(RECORDS SUPPLIED)
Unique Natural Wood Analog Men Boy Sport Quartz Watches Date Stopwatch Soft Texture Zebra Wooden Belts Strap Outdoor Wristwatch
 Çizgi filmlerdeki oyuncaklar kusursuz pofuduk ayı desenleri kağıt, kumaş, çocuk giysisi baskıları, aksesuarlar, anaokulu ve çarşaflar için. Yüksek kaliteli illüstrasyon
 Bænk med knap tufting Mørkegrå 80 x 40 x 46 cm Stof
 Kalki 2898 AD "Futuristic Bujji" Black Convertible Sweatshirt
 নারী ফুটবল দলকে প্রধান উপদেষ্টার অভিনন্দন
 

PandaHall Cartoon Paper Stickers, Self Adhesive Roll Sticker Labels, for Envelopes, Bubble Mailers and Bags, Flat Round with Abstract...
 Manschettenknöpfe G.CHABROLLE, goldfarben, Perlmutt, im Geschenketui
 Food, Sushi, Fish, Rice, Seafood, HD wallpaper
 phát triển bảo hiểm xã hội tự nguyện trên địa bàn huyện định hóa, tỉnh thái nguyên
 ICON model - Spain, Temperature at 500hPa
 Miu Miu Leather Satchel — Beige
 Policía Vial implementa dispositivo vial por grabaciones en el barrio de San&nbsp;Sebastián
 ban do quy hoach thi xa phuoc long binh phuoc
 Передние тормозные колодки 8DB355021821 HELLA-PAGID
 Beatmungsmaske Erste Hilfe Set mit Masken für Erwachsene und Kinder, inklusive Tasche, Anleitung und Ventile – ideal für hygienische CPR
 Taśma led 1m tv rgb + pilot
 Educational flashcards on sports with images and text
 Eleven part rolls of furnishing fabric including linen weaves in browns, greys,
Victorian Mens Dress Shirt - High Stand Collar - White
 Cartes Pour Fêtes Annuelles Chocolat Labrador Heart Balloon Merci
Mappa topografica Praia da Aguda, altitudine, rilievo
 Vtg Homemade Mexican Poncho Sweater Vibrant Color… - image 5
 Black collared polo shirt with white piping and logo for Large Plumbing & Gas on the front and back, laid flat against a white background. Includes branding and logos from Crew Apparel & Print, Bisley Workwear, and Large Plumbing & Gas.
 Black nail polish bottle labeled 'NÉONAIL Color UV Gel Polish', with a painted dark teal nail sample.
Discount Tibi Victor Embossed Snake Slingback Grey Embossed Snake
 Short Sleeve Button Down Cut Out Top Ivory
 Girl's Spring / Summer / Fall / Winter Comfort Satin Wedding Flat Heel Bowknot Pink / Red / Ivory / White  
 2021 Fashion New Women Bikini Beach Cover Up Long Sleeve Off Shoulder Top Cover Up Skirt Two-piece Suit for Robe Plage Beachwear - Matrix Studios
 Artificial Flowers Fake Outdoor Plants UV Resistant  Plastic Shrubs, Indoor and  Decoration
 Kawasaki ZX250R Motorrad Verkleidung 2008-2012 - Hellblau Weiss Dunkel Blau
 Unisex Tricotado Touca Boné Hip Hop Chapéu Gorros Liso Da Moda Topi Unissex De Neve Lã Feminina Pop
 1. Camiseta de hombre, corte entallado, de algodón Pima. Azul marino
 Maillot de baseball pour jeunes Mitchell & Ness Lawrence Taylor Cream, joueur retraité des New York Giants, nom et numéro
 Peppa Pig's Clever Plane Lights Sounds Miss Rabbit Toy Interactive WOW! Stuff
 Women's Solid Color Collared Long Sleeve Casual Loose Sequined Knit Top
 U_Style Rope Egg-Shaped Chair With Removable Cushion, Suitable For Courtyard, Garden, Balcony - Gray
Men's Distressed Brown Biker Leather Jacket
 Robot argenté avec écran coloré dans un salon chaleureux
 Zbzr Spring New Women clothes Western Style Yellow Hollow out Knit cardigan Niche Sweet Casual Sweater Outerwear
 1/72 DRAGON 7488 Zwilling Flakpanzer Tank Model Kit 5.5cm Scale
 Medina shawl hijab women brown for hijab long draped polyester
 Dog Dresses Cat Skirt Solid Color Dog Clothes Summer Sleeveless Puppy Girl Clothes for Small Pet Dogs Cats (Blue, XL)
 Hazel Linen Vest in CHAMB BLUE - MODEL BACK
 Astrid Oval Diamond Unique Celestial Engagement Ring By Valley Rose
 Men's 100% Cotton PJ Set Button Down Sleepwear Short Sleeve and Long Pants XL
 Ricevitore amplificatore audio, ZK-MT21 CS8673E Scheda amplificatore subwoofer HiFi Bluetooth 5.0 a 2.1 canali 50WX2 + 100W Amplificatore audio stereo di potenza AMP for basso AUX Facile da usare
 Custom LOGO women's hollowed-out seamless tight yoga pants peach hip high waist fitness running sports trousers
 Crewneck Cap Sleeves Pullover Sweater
(End RECORDS SUPPLIED)
EXERCISE: The answer must be the line containing "Ricevitore amplificatore audio, ZK-MT21" and every line after it through the end of the records, repeated exactly.

WRITTEN RESPONSE:
 Ricevitore amplificatore audio, ZK-MT21 CS8673E Scheda amplificatore subwoofer HiFi Bluetooth 5.0 a 2.1 canali 50WX2 + 100W Amplificatore audio stereo di potenza AMP for basso AUX Facile da usare
 Custom LOGO women's hollowed-out seamless tight yoga pants peach hip high waist fitness running sports trousers
 Crewneck Cap Sleeves Pullover Sweater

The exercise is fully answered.